Saturday, December 31, 2011

Raymond Barlow workshop at Pangot and Sat Tal - May, 2012
















Thank you for your interest in joining us for the Raymond Barlow series of seminar and workshops – India 2012.


PROGRAM HIGHLIGHTS OF PANGOT SAT TAL WORKSHOP


Pangot is a small village 15 km from Nainital, 50 km from Kathgodam and 80 km from the very well known Corbett National Park. Sat Tal (Hindi - seven lakes) is situated in the lower Himalayan range and the place has a group of seven freshwater lakes situated at an altitude of 1440 metres.
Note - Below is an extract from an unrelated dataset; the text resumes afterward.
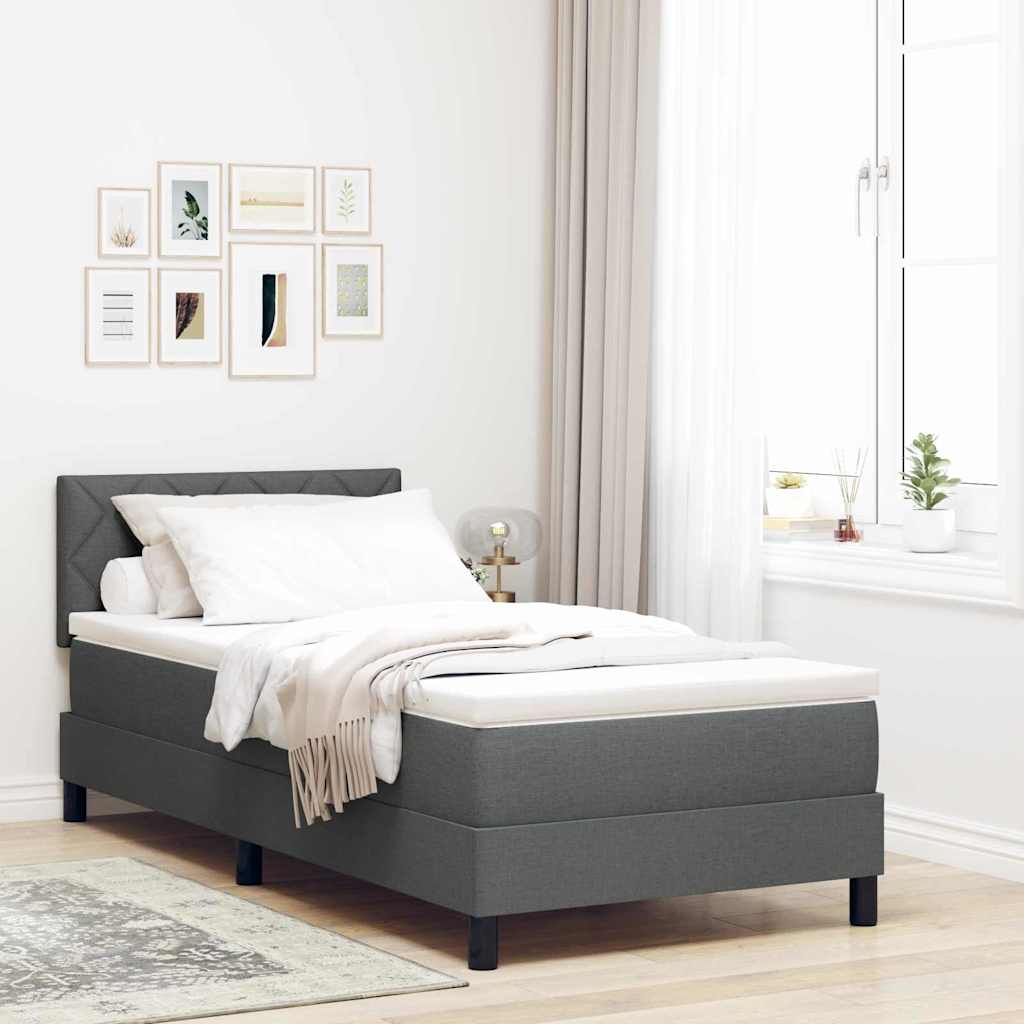JUNG Vida Boxspringbett mit Matratze Dunkelgrau 90 x 200 cm Stoff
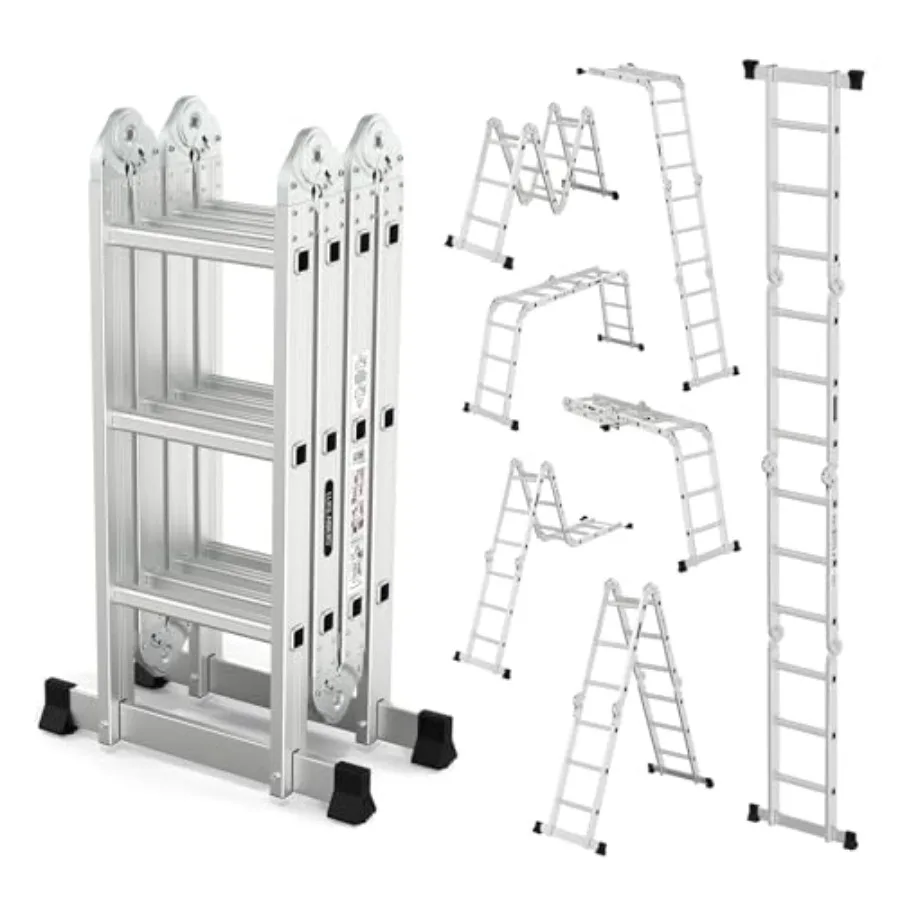 

12.5 FT Folding Ladder, Multi-Purpose Ladder, Aluminum Extension Ladders 7 in 1 Heavy Duty Combination EN 131 Standard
Both the places, with its dense pine and oak forest, are undoubtedly the birding heavens of the country and offer a spectacular avifauna along with the breathtaking landscapes of the Himalayas.

May is the best season to be there … I am sure, you will have an unforgettable birding experience with Raymond Barlow this year.


ITINERARY


DAY 01: KATHGODAM - PANGOT

The train reaches Kathgodam early in the morning. Our naturalist will be there to receive you. We then drive to Pangot through Nainital. The entire drive from Nainital is through the forested area of Cheena Peak Range via Snow View Point and Kilbury. This area is very rich in Himalayan avifauna and one can witness the abundance of Crested Woodpeckers, Greater Yellownapes, large flocks of Slaty-Headed Parakeets, numerous Spotted and Oriental Turtle Doves, Grey Bushchats, Russet Sparrows, Cuckoos, Grey Treepies, Black-Headed Jays, Maroon Orioles, Large Cuckoo Shrikes, Tits such as Rufous-Naped, Black-Throated & Yellow-Browed and smaller numbers of Black-Lored and Green-Backed Tits, White-tailed nuthatches, Chestnut Bellied Nuthatches, Bar-Tailed Treecreepers and so many more.

A round of interaction with Raymond at the lodge will be followed by evening birding. Overnight stay at Jungle Lore Birding Lodge.

Meals: Lunch & Dinner


DAY 02: PANGOT - SAT TAL

Drive to Sat Tal (2 hours) in the morning. Birding along the way and then birding with Raymond around Sat Tal. One can see a variety of Himalayan species along the way such as Lammergeier, Himalayan Griffon, Blue-Winged Minla, Spotted & Slaty-Backed Forktail, Rufous-Bellied Woodpecker, Rufous-Bellied Niltava, Khalij Pheasant, variety of thrushes etc. More than 200 species have been recorded at Pangot and surrounding areas. The numerous perennial & seasonal creeks are home to an amazing variety of flora and fauna including the Leopard, Yellow-Throated Himalayan Marten, Himalayan Palm Civet, Ghoral, Barking Deer, Sambhar, Red Fox etc. Overnight stay in Sattal Birding Lodge.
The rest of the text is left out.